#### ASSIGNMENT
In the listing below, find the line holding "Art Craft Book" and the line holding "Baby Girl Simple". Write out those two lines and all lines between, exactly, and nothing more.

#### INFORMATION SUPPLIED
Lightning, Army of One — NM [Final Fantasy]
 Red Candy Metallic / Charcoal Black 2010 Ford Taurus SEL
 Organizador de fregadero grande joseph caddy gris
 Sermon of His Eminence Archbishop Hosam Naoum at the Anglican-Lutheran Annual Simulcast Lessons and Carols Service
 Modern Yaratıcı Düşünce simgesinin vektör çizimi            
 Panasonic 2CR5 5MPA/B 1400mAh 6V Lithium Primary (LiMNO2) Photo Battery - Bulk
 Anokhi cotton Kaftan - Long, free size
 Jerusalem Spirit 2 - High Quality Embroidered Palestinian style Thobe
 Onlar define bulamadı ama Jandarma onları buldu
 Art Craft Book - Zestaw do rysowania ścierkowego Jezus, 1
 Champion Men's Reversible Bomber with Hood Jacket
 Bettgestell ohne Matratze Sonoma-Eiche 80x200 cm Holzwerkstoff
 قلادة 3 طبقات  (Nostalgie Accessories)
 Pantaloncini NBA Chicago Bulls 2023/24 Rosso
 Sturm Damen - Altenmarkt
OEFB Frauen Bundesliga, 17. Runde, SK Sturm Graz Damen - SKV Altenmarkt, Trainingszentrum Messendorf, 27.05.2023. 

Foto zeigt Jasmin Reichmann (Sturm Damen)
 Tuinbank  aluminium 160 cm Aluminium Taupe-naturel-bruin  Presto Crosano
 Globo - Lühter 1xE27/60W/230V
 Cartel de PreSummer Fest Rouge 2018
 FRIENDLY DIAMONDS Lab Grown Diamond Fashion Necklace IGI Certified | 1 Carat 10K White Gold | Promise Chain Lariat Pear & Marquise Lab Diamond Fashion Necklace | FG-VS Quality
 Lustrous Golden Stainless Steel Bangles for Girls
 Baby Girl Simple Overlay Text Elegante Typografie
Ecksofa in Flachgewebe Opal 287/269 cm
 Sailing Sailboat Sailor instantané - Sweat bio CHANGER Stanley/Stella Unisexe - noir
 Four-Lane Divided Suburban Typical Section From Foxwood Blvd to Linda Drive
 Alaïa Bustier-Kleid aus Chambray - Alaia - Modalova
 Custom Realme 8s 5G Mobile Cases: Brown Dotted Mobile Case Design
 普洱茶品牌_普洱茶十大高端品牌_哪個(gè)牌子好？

#### TASK SOLUTION
 Art Craft Book - Zestaw do rysowania ścierkowego Jezus, 1
 Champion Men's Reversible Bomber with Hood Jacket
 Bettgestell ohne Matratze Sonoma-Eiche 80x200 cm Holzwerkstoff
 قلادة 3 طبقات  (Nostalgie Accessories)
 Pantaloncini NBA Chicago Bulls 2023/24 Rosso
 Sturm Damen - Altenmarkt
OEFB Frauen Bundesliga, 17. Runde, SK Sturm Graz Damen - SKV Altenmarkt, Trainingszentrum Messendorf, 27.05.2023. 

Foto zeigt Jasmin Reichmann (Sturm Damen)
 Tuinbank  aluminium 160 cm Aluminium Taupe-naturel-bruin  Presto Crosano
 Globo - Lühter 1xE27/60W/230V
 Cartel de PreSummer Fest Rouge 2018
 FRIENDLY DIAMONDS Lab Grown Diamond Fashion Necklace IGI Certified | 1 Carat 10K White Gold | Promise Chain Lariat Pear & Marquise Lab Diamond Fashion Necklace | FG-VS Quality
 Lustrous Golden Stainless Steel Bangles for Girls
 Baby Girl Simple Overlay Text Elegante Typografie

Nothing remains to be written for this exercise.